# What to do with old wheels and old tires?



## wildmanee (Nov 21, 2004)

I have my stock SE wheels from my 200sx, and the tires that are on them are just pretty much shot. I bought some new wheels with some Goodriches on them, and now I don't know what to do with my old wheels and tires. Could I attempt to cut off the tires and save the wheels for later? Or is there a place I could give em to or drop them off?


----------



## xbrandonx (Mar 27, 2004)

are your wheels the steelies or the alloy? What size wheels did you get? if you went with someone bigger and live in a region that gets snow, keep them and in the winter put them back on.

Otherwise sell em.


----------



## LIUSPEED (May 29, 2002)

wildmane said:


> I have my stock SE wheels from my 200sx, and the tires that are on them are just pretty much shot. I bought some new wheels with some Goodriches on them, and now I don't know what to do with my old wheels and tires. Could I attempt to cut off the tires and save the wheels for later? Or is there a place I could give em to or drop them off?

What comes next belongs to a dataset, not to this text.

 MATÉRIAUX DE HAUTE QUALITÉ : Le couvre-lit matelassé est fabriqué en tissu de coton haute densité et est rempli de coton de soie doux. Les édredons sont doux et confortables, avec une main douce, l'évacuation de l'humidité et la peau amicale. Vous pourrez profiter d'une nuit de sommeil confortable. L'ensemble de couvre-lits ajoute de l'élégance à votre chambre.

any pix of your stock rims im looking for a set to roll on temporarily while i get my se-r rims re-wrapped and re-painted/powdercoated


----------



## wildmanee (Nov 21, 2004)

Yeah, I can get pics, it's just that I am in the process of ripping the tires off.. they're completely worthless and the tread is like 5%.. I'm having a tough time getting them off though. Yeah, I think they are the alloys..

If you need them soon LIU, we could work out a deal so that you only have to pay for shipping. One of them does have some curb rash though..


----------